Taylor Heim, PhD: No financial relationships to disclose
Introduction/Rationale: Resident memory T cells (TRM) mediate localized immunity in barrier tissues while central memory T cells (TCM) recirculate through lymphoid organs to surveil for reinfection. Although TRM are classically associated with peripheral non-lymphid tissues, they have also been identified within lymph nodes (LNRM) where mechanisms guiding their formation and their role during secondary pathogen encounters remain poorly understood. Moreover, functional distinctions between TCM, LNRM, and lung TRM (LungRM) have not been clearly defined.

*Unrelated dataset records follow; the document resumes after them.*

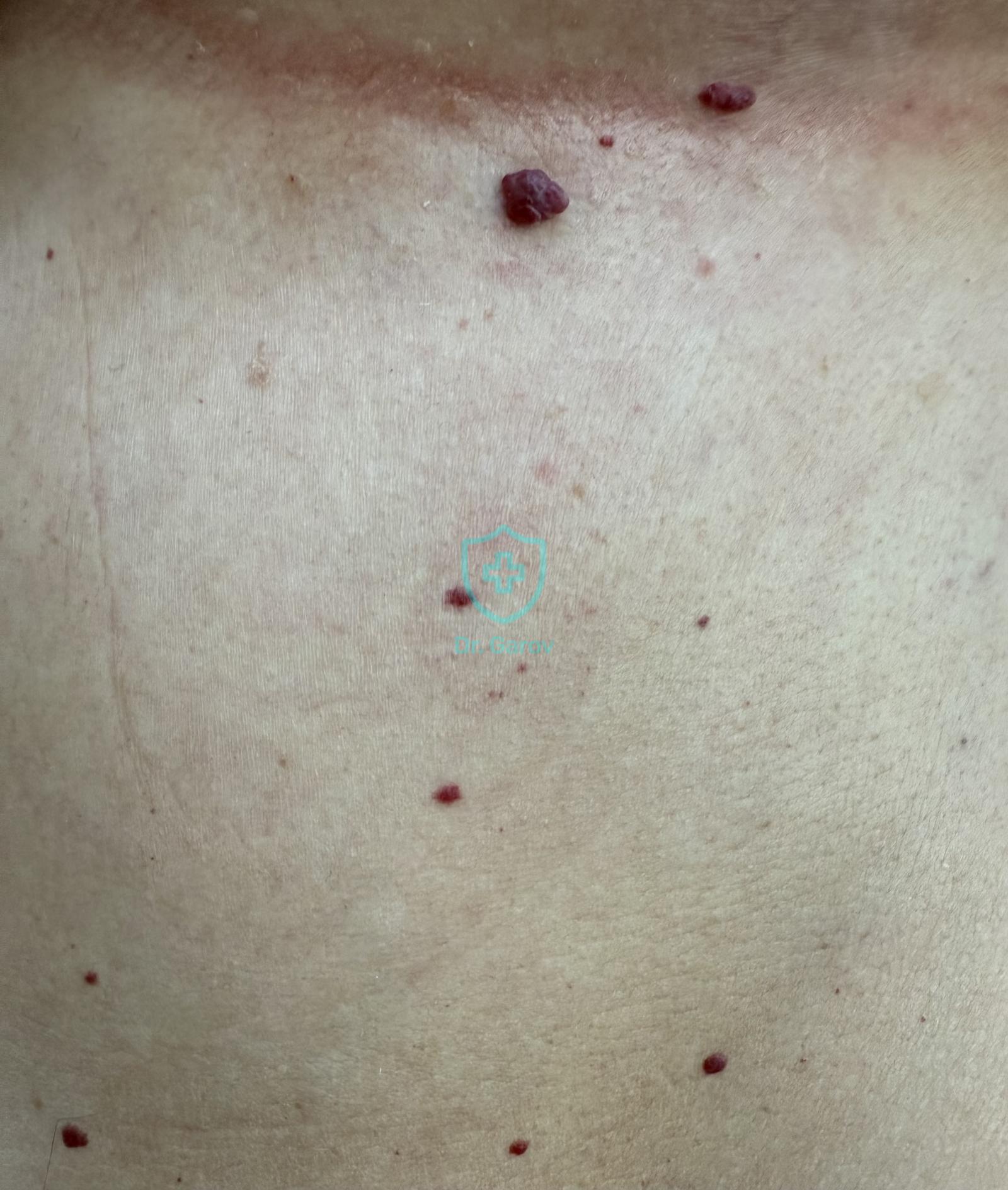 Haemangioma punctiforme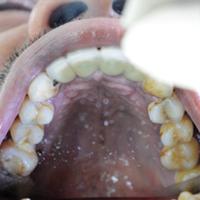 Dataset Image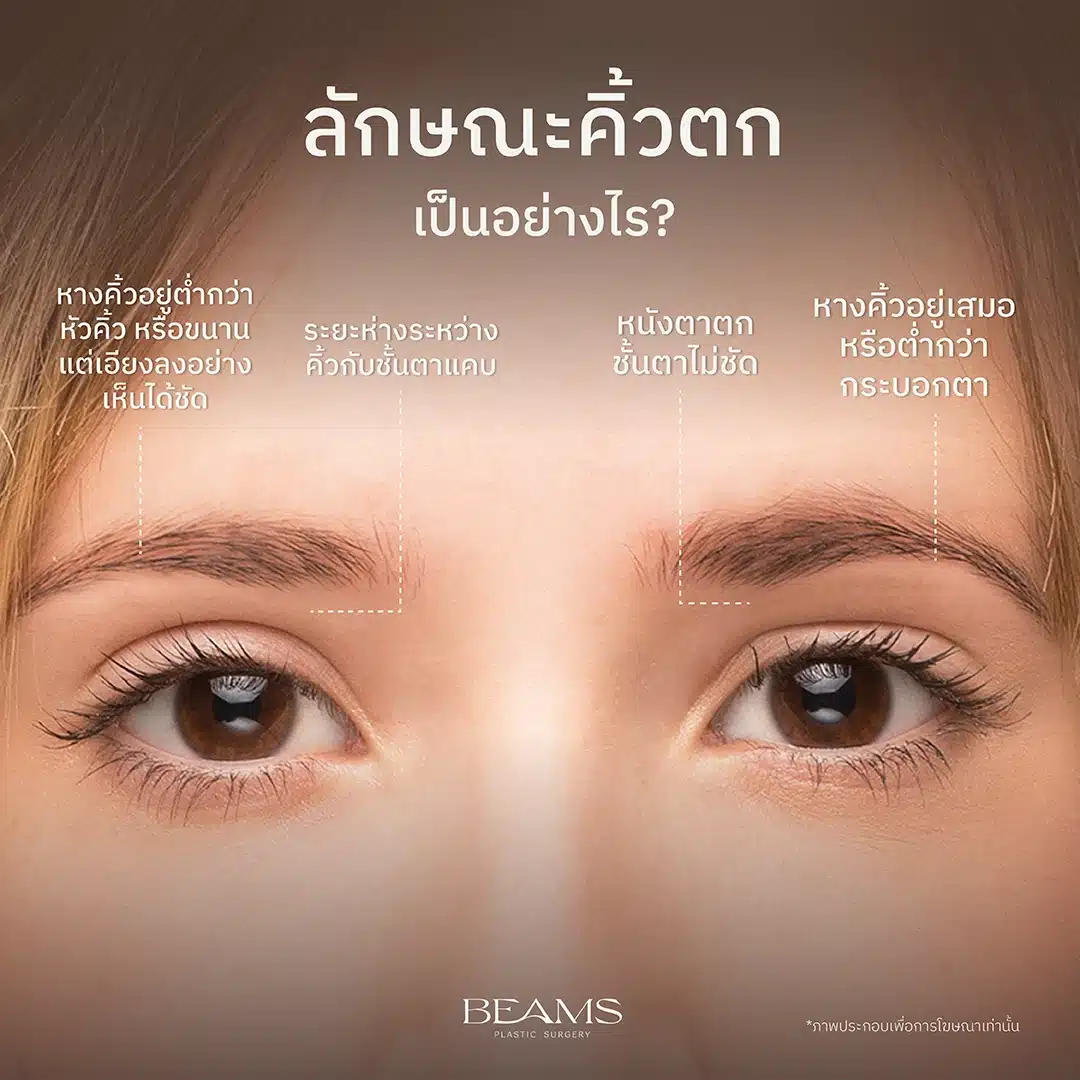 ลักษณะของคิ้วตก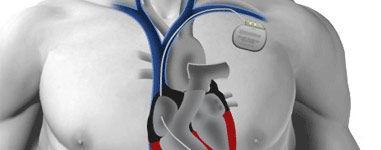 Crean un marcapasos biológico Crean un marcapasos biológico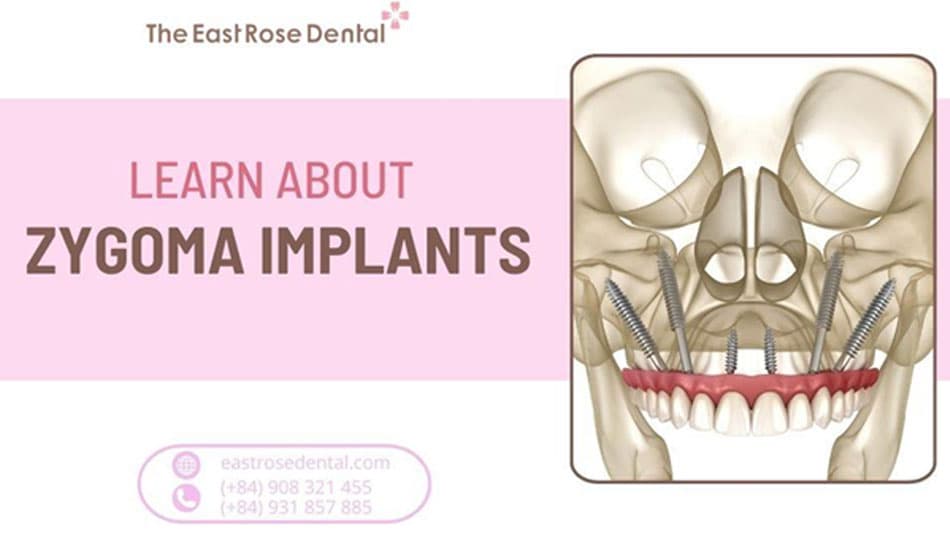 What are Zygoma Implants? When should they be performed?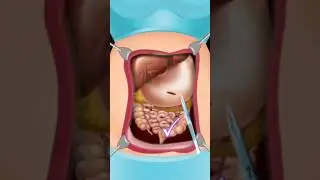 Surgery Simulator Doctor Games android gameplay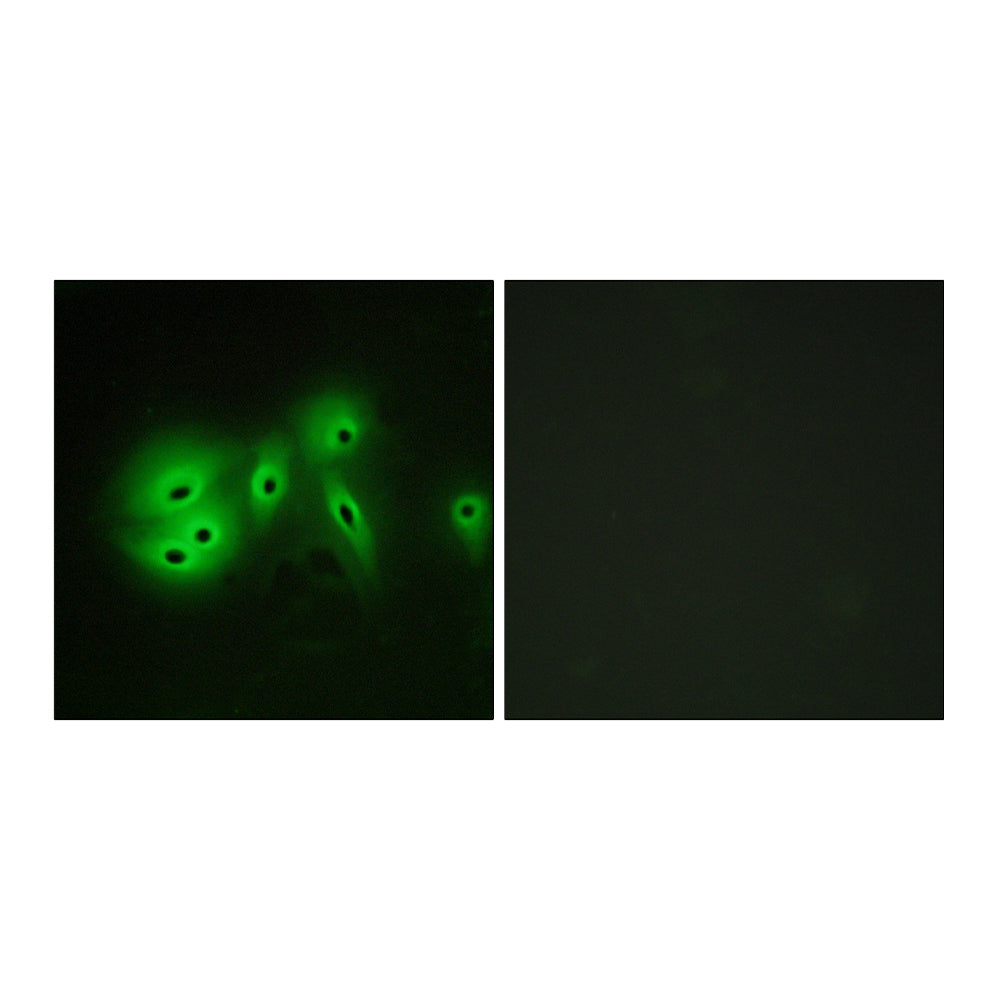 A Cyclase VIII Polyclonal Antibody, 100ul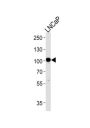 Neprilysin / NEP (MME) Antibody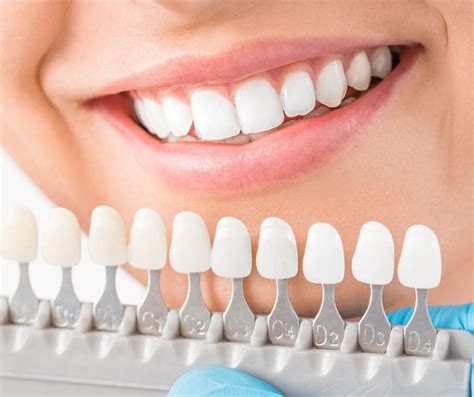 How Do We Whiten Teeth Codsall Dental Practice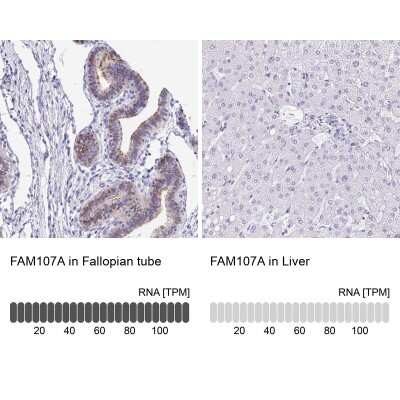 Immunohistochemistry-Paraffin: FAM107A Antibody [NBP2-30589]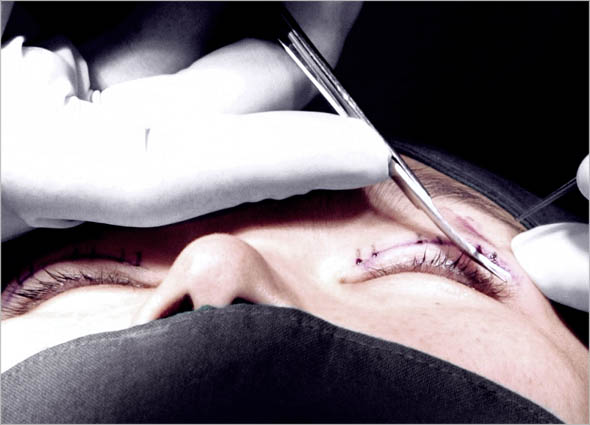 Double Eyelid Non-Invasive Surgery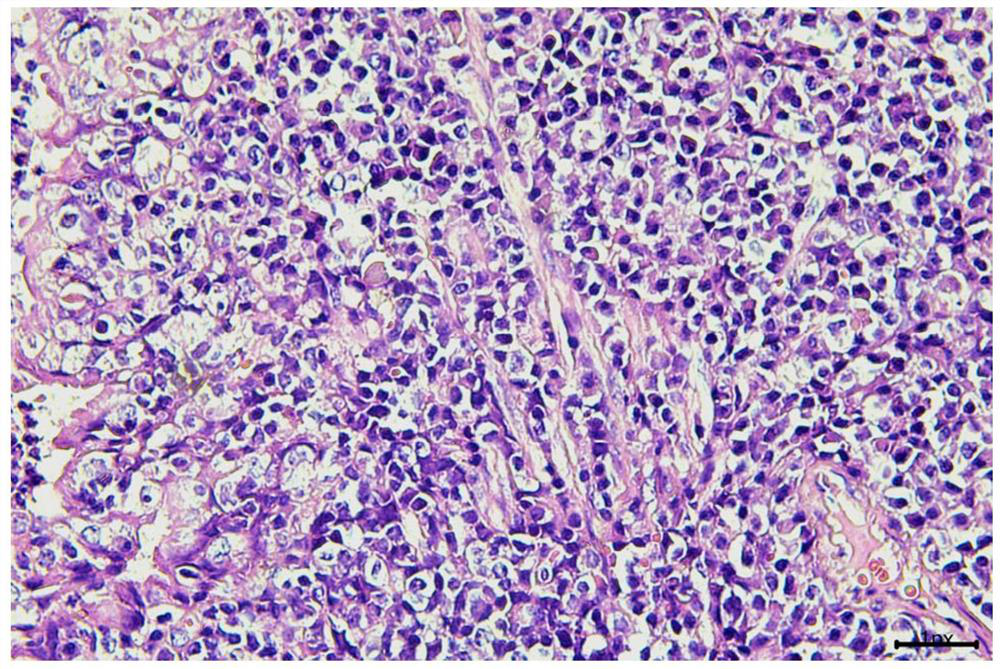 Method for constructing lung cancer in-situ PDX model through percutaneous puncture inoculation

Results: Using longitudinal antibody labeling, we tracked the migration of T cells after influenza infection and demonstrate that CD69+CD103+ T cells in lymph nodes are bona fide resident. LNRM accumulate throughout lung-draining lymph nodes and are present within all LN compartments including, sub capsular sinus, T cell zone and germinal centers. LNRM formation is conserved across viral strains, antigen specificities, and precursor populations. Epigenetic and transcriptional profiling reveal that LNRM are uniquely poised for cytotoxicity whereas LungRM resemble exhausted cells with elevated expression of inhibitory receptors and increased chromatin accessibility at the Pdcd1 locus. Regulatory network analysis of transcription factors, combined with target gene expression and chromatin accessibility identified key gene networks differentiating TCM, LNRM and LungRM. Upon antigen re-encounter, LNRM produce more IFNγ, are more proliferative, and are more cytotoxic than LungRM.
Conclusion: These findings establish LNRM as a distinct and durable memory population bridging features of circulating and tissue-resident cells. Our results suggest that LNRM may play a previously unappreciated role in orchestrating local recall responses within secondary lymphoid organs and provide superior effector functions than LungRM.